If we want to actually implement this architecture, we'll need to choose our latent space (in the guts of the model this will mean something like choosing the size of the output layer of a neural network). As it turns out, the choice of latent space will place a limit on how expressive the model is. In general, neural networks are universal function approximators (in the limit), and we'd like to preserve this property. Zaheer et al. provide a theoretical analysis of the ability of this architecture to represent arbitrary functions - that is, can the architecture, in theory, achieve exact equality with any target function, allowing us to use e.g. neural networks to approximate the necessary mappings? In our paper, we build on and extend this analysis, and discuss what implications it has for the choice of latent space.

### Can we get away with a small latent space?

Zaheer et al. show that, if we're only interested in sets drawn from a countable domain (e.g. $\mathbb{Z}$ or $\mathbb{Q}$), a 1-dimensional latent space is enough to represent any function. Their proof works by defining an injective mapping from sets to real numbers. Once you have an injective mapping, you can recover all the information about the original set, and can, therefore, represent any function. This sounds like good news -- we can do anything we like with a 1-D latent space! Unfortunately, there's a catch -- the mapping that we rely on is not continuous. The implication of this is that to recover the original set, even approximately, we need to know the exact real number that we mapped to -- knowing to within some tolerance doesn't help us. This is impossible on real hardware.

Above we considered a countable domain, but it's important to consider instead the uncountable domain $\mathbb{R}$, the real numbers. This is because continuity is a much stronger property on $\mathbb{R}$ than on $\mathbb{Q}$, and we need this stronger notion of continuity. The figure below illustrates this, showing a function which is continuous on $\mathbb{Q}$ but not continuous on $\mathbb{R}$ (and certainly not continuous in an intuitive sense). The figure is explained in detail in our paper. Using $\mathbb{R}$ is particularly important if we want to work with neural networks. Neural networks are universal approximators for continuous functions on compact subsets of $\mathbb{R}^M$. Continuity on $\mathbb{Q}$ won't do.

![](/content/images/2019/02/continuous.png)

Zaheer et al. go on to provide a proof using continuous functions on $\mathbb{R}$, but it places a limit on the set size for a fixed finite-dimensional latent space. In particular, it shows that with a latent space of $M+1$ dimensions, we can represent any function which takes as input sets of size $M$. If you want to feed the model larger sets, there's no guarantee that it can represent your target function.

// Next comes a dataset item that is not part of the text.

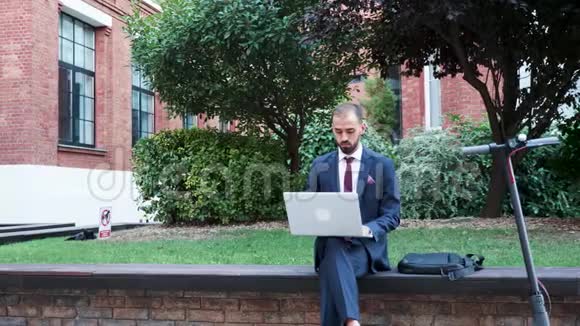 穿着西装的经理在外面用笔记本电脑工作视频的预览图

As for the countable case, the proof of this statement uses an injective mapping. But the functions we're interested in modeling aren't going to be injective -- we're distilling a large set down into a smaller representation. So maybe we don't need injectivity -- maybe there's some clever lower-dimensional mapping to be found, and we can still get away with a smaller latent space?

No.

As it turns out, you often do need injectivity into the latent space. This is true even for simple functions, e.g. max, which is clearly far from injective. This means that if we want to use continuous mappings, the dimension of the latent space must be at least the maximum set size. We were also able to show that this dimension suffices for universal function representation. That is, we've improved on the result from Zaheer (latent dimension $N \geq M+1$ is sufficient) to obtain both a weaker sufficient condition, and a necessary condition (latent dimension $N \geq M$ is sufficient and necessary). Finally, we've shown that it's possible to be flexible about the input set size. While Zaheer's proof applies to sets of size exactly $M$, we showed that $N=M$ also works if the set size is allowed to vary $\leq M$.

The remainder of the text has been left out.